WHAT THIS TASK INVOLVES:
Retrieve each line that contains the word "Women" from the entries below.

__________

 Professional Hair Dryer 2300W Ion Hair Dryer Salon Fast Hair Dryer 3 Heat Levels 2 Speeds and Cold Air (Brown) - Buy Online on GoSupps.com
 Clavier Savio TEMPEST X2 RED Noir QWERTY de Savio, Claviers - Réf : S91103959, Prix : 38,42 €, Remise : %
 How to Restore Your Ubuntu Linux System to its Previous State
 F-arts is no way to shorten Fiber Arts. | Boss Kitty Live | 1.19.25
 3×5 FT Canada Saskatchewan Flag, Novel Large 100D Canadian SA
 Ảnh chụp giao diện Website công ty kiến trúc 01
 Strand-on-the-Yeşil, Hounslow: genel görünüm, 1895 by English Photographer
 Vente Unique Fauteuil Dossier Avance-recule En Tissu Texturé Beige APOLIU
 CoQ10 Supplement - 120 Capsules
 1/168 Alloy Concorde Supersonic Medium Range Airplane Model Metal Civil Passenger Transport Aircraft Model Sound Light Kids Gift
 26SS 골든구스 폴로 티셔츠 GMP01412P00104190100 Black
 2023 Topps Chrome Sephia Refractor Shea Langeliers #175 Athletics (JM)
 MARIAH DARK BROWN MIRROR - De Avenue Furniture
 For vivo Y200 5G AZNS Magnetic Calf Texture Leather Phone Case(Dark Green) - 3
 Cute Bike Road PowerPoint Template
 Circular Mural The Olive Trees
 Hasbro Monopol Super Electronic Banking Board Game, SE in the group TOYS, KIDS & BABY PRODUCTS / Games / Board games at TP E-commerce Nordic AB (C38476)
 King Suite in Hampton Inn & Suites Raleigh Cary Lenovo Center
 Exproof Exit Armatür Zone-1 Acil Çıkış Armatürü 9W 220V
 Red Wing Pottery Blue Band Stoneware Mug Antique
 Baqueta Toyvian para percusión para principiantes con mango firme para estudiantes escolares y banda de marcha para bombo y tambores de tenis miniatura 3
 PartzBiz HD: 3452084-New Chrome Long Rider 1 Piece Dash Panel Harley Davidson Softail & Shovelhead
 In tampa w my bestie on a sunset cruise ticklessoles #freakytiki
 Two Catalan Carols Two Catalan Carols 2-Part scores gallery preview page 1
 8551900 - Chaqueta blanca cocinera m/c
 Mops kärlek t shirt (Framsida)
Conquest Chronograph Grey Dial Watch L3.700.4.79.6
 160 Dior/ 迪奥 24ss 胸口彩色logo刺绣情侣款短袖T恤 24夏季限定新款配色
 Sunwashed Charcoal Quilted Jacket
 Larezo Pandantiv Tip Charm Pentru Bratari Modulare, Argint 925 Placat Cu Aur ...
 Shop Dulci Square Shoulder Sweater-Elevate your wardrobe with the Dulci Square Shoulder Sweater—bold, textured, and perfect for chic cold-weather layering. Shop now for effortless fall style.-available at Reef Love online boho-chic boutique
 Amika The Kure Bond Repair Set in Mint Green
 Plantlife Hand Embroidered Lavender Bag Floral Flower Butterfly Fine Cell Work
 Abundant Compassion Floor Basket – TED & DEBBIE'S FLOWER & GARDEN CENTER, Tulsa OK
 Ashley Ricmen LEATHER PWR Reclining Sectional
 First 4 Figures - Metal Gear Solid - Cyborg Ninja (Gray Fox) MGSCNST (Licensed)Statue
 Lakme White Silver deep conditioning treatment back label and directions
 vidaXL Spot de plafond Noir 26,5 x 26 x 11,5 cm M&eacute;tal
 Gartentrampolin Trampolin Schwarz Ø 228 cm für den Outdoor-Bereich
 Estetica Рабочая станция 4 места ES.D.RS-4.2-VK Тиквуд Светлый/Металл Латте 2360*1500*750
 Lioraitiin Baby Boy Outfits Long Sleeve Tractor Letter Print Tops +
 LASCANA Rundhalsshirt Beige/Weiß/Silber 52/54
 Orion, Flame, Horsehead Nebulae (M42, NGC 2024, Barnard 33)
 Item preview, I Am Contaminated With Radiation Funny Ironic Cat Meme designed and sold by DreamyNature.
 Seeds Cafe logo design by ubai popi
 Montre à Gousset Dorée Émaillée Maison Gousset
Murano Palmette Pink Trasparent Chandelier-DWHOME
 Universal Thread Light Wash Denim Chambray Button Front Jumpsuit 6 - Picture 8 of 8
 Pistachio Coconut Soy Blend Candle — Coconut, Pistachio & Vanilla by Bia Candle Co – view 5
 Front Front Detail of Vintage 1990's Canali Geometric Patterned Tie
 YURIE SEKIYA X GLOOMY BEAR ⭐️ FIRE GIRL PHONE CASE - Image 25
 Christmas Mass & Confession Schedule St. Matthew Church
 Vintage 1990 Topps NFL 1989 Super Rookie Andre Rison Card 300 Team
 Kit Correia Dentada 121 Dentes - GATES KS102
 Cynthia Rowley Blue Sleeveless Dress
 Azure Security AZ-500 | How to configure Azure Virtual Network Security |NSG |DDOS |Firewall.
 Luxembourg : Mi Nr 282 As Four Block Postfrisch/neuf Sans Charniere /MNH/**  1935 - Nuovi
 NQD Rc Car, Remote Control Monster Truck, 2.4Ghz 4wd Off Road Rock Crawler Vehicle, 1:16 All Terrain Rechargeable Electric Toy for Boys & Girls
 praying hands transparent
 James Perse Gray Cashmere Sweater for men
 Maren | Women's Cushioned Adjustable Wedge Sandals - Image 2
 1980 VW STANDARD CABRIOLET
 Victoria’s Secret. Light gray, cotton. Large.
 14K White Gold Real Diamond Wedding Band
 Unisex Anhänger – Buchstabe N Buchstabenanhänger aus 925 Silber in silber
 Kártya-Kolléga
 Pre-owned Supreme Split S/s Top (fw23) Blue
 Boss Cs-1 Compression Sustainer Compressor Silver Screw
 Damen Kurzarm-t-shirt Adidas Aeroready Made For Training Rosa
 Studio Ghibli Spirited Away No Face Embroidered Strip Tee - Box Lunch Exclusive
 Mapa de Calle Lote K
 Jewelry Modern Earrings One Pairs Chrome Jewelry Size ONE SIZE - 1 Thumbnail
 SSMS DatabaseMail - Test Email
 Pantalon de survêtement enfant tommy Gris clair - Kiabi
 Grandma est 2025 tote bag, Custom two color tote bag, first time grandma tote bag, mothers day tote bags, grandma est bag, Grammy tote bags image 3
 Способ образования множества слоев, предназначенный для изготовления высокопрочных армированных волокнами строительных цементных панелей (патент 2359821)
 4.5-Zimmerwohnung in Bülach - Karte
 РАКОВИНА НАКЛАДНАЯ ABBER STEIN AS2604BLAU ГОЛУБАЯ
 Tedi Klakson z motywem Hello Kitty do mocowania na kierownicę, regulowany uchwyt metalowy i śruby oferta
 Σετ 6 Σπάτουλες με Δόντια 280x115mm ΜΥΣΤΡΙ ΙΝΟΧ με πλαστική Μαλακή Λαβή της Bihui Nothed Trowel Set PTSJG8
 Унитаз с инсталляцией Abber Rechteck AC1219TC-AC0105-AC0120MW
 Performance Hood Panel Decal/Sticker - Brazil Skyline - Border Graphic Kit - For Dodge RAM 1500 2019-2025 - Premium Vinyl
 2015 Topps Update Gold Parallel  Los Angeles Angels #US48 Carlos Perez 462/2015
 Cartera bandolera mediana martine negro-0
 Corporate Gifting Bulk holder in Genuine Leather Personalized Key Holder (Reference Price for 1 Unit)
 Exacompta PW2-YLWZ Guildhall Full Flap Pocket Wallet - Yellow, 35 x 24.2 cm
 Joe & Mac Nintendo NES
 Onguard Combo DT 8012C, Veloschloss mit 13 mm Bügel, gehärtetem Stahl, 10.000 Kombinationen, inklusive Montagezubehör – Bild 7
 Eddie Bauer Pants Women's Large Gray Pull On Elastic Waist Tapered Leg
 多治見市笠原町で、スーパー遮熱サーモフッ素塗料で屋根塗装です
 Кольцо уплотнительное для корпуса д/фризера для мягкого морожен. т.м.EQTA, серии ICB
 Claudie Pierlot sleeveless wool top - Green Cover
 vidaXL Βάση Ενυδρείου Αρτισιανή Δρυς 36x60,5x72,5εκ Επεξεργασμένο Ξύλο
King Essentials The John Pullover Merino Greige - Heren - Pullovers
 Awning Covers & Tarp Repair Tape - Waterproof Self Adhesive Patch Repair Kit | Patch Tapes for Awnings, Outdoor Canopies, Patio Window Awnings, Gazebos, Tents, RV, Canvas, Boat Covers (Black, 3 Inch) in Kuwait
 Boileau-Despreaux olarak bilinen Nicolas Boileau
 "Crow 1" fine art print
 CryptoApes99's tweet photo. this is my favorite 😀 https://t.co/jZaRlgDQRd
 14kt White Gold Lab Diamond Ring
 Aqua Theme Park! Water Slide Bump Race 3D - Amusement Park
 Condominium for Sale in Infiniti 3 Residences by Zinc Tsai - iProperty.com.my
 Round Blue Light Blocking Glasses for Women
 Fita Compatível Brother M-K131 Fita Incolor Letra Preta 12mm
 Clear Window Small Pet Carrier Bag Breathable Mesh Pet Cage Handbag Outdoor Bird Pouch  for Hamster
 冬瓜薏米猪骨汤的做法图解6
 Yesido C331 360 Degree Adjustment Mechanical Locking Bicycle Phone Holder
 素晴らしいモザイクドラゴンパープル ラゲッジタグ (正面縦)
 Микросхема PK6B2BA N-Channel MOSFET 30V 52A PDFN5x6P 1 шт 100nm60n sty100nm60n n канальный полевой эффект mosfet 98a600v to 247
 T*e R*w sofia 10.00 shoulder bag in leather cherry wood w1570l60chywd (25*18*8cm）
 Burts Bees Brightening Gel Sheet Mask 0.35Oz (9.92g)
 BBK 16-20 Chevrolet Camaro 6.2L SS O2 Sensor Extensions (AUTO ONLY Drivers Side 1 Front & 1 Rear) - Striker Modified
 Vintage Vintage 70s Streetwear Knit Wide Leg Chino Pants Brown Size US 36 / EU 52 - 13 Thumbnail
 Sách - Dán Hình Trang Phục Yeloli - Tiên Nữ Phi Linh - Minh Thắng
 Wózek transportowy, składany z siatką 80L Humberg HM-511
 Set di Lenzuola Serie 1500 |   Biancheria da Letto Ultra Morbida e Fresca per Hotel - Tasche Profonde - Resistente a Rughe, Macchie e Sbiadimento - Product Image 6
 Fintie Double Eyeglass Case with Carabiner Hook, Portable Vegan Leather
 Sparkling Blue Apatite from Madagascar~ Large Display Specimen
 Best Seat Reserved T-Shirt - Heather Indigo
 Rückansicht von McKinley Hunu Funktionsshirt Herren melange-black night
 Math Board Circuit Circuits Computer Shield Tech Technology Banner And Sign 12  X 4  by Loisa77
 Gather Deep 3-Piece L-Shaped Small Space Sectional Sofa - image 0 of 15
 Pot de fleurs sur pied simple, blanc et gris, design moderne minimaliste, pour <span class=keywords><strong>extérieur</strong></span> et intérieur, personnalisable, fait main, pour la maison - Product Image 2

__________

RESPONSE TO THE TASK:
 Maren | Women's Cushioned Adjustable Wedge Sandals - Image 2
 Eddie Bauer Pants Women's Large Gray Pull On Elastic Waist Tapered Leg
 Round Blue Light Blocking Glasses for Women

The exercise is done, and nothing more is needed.